Lunchtime meeting on ergonomics and OSHA compliance.

Assignment:

Design and program a retail point of sales system. Due date: the end of the semester.

There will be no further class meetings unless the professor contacts you.


Then, halfway through the semester:

Contact the students. Tell them that the requirements have changed, and they’ll need to also incorporate an inventory tracking system into the original project. No, the due date has not changed. Hop to it!


A week or two later:

Oh yeah, did I mention this had to be cross platform? I hope you chose a language that allows for that. If not, well, back to the drawing board. No, the due date has not changed.


Two weeks before the end of the semester:

The due date has changed. It’s now due a week before it was originally scheduled, because the marketing class wants to take a look at it.


Final Exam: Collect the assignments. Exam consists of students demoing their software and answering questions about it. Ask the following questions:

  • Where’s the general ledger? What? You didn’t include the general ledger? Well, I thought that would be a no-brainer.
  • Is this a WebApp? Is there any way we can market it as a WebApp? I think we’d sell more if we could include “WebApp” in the product description.
  • Will this work on every version of Unix ever written and the new ones currently in development? If not, why?
  • Can you re-write it in Java?
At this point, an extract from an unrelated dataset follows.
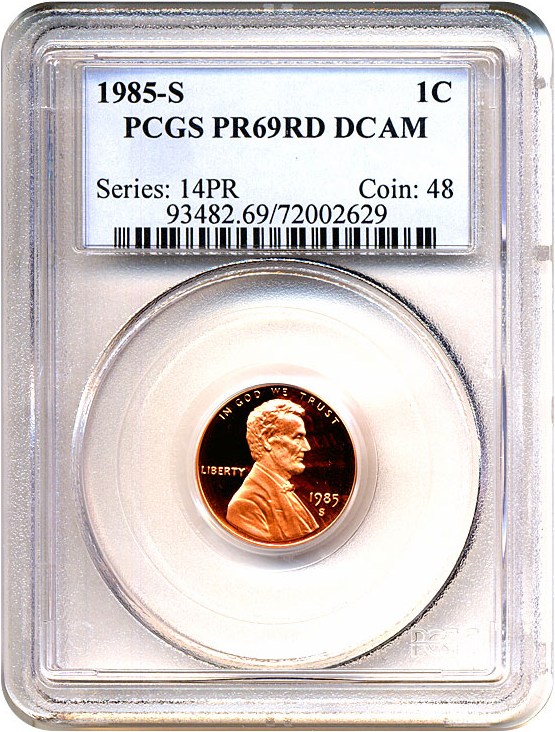 image for: 1985-S 1c  PCGS Proof 69 RD DCameo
That shouldn’t take more than a few hours, right?

After the exam, announce to the distraut students that it’s all OK, they’ll be working on Version 2 in my Computer Science 201 course. Then buy them all cheap pizza as a thank-you for all their hard work.
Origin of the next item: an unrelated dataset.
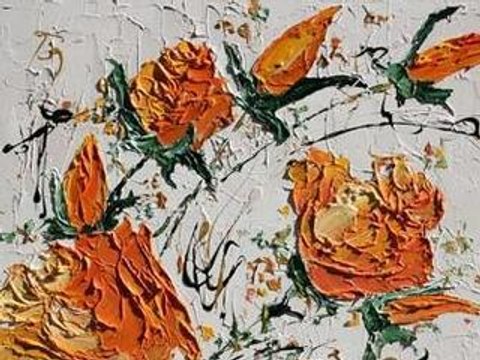 Roses abricots réf 2030 Adaoust Toile cotée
Athena: that’s not funny. Well, actually, it’s hilarious, but it’s too close to home.

I wish somebody had made me take a course on real-world programming. I learned a lot of theory and a little C++, but not much practical stuff. I still don’t know exactly what it takes to be a programmer in the Real World, which is one of the reasons I’m currently in the high-paying, exciting field of clerical temp worker.

Oh my… you’re not even into career #1 and you’re this smug? I’m on career #3 now, and it just keeps getting more interesting as I go along. Don’t be in a hurry to plan out the rest of your career is my advice.

As a programmer myself I’d say life gets hard when a) you start to hate computers. and b) when you realize that no matter how hard you try to keep up - technology will always change in a way that ignores your hard earned skills.

Life is pretty good for me, because I am in a well-paid job which involves no programming at all.

Also (the answer I would give to anyone, doing anything at all) life becomes difficult when you become so familiar with it that nothing interests/excites you any more. children, without realizing it, have it made.

Then, career aside, there’s the part where the woman you love dumps you, or you get married and somebody gets severely ill/depressed/unemployed, or you want children and can’t have them, or you don’t want children and suddenly have twins on the way, or the children get severely ill, and your insurance doesn’t cover anything well, and that mortgage you thought you could afford is too high now. And you finally admit to yourself that you, the drug-free dude, are addicted to the painkillers the doctor gave you for those headaches. Or your parents get sick/senile/die and it’s your responsibility.

Just a few of the possibilities. But hey, life is really pretty great. Just remember that when things are going suspiciously well, it’s time to prepare for a whammy of pain. It’s the universe’s way of keeping you humble. :slight_smile:

Oddly I am the perfect person to answer this question

I am a senior Computer Science major at Virginia Tech.

Wait till next semester. I was so unchallenged my first semester I considered transferring, then I had a class with McQuain, and decided I liked programming again. It will get progressively more challenging. (Wait till Operating Systems - the killer) Classes at the 4000 level are much more challenging then classes at the 1000 level. Enjoy your freshman year while you can.

PS - post on the CS boards much? Im dturnbul.